Just before the FIRST Robotics Championship last week I sat down with Lisa Harding, a chemical engineer and science teacher at Westminster Christian Academy. Lisa has so much passion for her students, their school and the FIRST Robotics program, that it was hard to edit down our great conversation into to YouTube-sized soundbites. So here are three clips of our conversation discussing how they got started, how their team works, and how they won the Rookie All-Star award at the regional competition.
Lisa notes that the program brought out kids she didn't know were interested in science. She says the team members are very diverse in their skills and talents. It's part of the beauty of FIRST - it brings engineering and science together with art and business interests.
"This program bridged so many different areas of our school."
Lisa says she knows it's cliche to say it's "life changing", but it is:
"We've inspired people to consider engineering... It's become more appealing... It's certainly broken stereotypes about what engineering is... It's become personal now and they've opened their minds to working at that as a potential future career."
Lisa notes one of the things she loved about the program is how it bridges social, gender and class groups. Then at competitions, this went to the next level with cross-team collaboration. FIRST calls it CooperitionTM:
"displaying unqualified kindness and respect in the face of fierce competition. Coopertition is founded on the concept and a philosophy that teams can and should help and cooperate with each other even as they compete."

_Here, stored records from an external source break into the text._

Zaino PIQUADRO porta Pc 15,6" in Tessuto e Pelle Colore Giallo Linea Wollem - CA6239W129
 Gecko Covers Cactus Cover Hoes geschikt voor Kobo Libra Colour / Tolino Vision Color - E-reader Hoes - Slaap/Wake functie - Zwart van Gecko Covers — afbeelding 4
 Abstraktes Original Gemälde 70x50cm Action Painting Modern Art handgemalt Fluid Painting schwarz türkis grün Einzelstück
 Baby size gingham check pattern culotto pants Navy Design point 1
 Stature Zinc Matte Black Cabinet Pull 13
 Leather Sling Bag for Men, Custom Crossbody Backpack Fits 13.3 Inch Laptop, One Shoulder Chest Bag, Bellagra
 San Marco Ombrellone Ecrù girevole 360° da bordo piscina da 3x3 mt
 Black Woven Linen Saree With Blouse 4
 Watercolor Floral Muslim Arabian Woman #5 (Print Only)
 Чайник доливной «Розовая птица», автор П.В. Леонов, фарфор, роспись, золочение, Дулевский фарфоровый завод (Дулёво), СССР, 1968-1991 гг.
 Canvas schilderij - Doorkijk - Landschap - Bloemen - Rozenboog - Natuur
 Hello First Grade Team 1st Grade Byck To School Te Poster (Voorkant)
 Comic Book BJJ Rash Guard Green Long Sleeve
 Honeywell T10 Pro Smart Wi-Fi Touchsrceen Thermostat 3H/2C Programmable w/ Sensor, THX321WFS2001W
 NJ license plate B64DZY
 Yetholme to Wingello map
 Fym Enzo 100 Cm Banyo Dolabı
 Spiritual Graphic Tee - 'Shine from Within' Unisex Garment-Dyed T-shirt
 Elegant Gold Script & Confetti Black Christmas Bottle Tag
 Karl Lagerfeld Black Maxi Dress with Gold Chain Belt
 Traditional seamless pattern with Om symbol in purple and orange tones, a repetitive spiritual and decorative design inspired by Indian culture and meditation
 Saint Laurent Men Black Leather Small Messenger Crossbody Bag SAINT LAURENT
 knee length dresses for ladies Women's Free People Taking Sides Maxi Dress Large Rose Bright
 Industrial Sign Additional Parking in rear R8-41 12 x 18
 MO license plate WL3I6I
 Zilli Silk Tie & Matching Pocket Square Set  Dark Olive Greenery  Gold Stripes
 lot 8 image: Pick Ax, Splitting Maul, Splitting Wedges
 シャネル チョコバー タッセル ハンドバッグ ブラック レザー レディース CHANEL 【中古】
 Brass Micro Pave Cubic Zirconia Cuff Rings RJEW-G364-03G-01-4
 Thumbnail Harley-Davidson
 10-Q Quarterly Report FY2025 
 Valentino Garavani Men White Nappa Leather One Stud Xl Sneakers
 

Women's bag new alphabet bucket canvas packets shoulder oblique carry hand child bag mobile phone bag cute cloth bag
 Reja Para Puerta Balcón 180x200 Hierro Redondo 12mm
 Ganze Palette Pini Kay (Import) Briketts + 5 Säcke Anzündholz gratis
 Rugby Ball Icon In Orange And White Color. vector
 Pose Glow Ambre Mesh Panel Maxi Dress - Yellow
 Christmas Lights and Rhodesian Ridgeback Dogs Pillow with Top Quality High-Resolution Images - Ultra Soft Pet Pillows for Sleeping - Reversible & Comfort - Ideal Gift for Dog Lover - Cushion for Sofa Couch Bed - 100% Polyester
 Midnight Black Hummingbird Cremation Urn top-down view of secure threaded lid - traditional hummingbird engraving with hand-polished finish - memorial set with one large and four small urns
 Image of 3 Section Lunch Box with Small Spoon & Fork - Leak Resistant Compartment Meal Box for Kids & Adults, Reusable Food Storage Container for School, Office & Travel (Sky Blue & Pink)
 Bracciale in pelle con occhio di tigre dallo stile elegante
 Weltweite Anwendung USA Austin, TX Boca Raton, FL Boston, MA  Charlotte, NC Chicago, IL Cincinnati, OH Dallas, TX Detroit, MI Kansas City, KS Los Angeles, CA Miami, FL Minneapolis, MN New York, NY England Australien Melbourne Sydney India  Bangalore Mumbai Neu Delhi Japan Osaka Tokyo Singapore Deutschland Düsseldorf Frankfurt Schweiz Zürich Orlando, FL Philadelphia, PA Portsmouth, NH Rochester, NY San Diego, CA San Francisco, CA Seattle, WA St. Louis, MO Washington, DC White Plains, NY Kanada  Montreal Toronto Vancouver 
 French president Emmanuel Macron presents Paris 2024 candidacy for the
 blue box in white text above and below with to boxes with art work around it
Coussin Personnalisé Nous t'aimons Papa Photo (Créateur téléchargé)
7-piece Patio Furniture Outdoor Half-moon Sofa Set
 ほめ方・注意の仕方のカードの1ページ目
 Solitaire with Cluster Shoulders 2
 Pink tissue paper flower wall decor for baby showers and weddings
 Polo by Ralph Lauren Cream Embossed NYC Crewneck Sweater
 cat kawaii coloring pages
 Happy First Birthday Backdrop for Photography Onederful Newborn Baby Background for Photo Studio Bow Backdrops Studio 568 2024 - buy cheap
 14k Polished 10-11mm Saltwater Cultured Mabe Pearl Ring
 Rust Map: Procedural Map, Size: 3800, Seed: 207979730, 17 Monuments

Lisa describes it this way:
"Teams were rushing to lend tools and not just tools but expertise... not only did you build a really good robot and come to the competition and perform well but you had that sense of being able to help other teams do the same."
As I mentioned in my post on team mentor Tim Terlouw, thank you to folks like Lisa and Tim who inspire students to consider careers in STEM. Even if you're not ready for FIRST, you should try Lisa's 101 ways to kill a peep with science to get young students engaged ;-).